Workshop at BIOFACH2020: “Boosting the organic sector by integrating breeding into value chain partnerships”

FIBL & EUROFRESH DISTRIBUTION are happy to invite you at BIOFACH2020 workshop: “Boosting the organic sector by integrating breeding into value chain partnerships”.

Date: 13.02.2020

Time: 11:00 – 11:45

Location: Room Prag, NCC Ost Mitte of Nuremberg

More info at:


It is organized by FiBL Europe within the launch in 2020 of the initiative “ENGAGEMENT.BIOBREEDING – Engagement of the organic value-chain to support Organic Breeding in Europe”.

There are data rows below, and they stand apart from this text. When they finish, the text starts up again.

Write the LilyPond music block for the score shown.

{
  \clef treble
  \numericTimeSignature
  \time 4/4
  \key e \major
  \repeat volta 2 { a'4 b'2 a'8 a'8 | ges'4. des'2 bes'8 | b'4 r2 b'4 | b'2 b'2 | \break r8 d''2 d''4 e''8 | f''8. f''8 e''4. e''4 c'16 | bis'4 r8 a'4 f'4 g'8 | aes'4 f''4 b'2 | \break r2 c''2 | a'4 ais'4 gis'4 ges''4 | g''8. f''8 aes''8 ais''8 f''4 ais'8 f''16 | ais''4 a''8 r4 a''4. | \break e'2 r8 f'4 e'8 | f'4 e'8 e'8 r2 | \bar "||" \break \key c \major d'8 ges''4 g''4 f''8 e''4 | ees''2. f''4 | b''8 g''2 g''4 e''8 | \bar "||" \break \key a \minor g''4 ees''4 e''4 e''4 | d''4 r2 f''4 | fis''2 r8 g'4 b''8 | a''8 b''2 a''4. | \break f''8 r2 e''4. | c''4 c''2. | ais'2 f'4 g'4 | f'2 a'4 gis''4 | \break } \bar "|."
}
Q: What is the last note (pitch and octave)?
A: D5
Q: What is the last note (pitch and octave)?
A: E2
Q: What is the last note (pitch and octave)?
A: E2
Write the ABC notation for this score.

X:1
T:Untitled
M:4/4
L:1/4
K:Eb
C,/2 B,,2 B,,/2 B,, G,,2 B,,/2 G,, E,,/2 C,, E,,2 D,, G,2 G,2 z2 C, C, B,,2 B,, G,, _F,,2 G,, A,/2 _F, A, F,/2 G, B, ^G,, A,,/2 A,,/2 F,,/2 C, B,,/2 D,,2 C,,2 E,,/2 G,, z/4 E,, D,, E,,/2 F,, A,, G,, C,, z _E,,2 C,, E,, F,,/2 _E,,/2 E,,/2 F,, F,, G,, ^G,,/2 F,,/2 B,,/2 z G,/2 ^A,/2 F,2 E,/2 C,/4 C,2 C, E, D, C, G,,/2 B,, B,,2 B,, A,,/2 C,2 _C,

This workshop will give the occasion to discuss potential models that allow a secure and stable funding for organic animal and plant breeding in Europe. Panel speakers are Pierre Escodo (editor of EUROFRESH DISTRIBUTION magazine), Bavo van den Idsert advisor at OPTA (Organic Processing and Trade Association Europe), Mathilde Tournebize program officer at the Organic Cotton Accelerator, Fabio Brescacin president of EconaturaSi, Mariateresa Lazzaro FIBL Plant Breeding program coordinator.


With this initiative, FIBL aims at integrating organic breeding into value-chain partnerships and sharing responsibility among breeders, farmers, processers, retailers, traders and consumers for upscaling organic breeding and ensuring future food security and quality.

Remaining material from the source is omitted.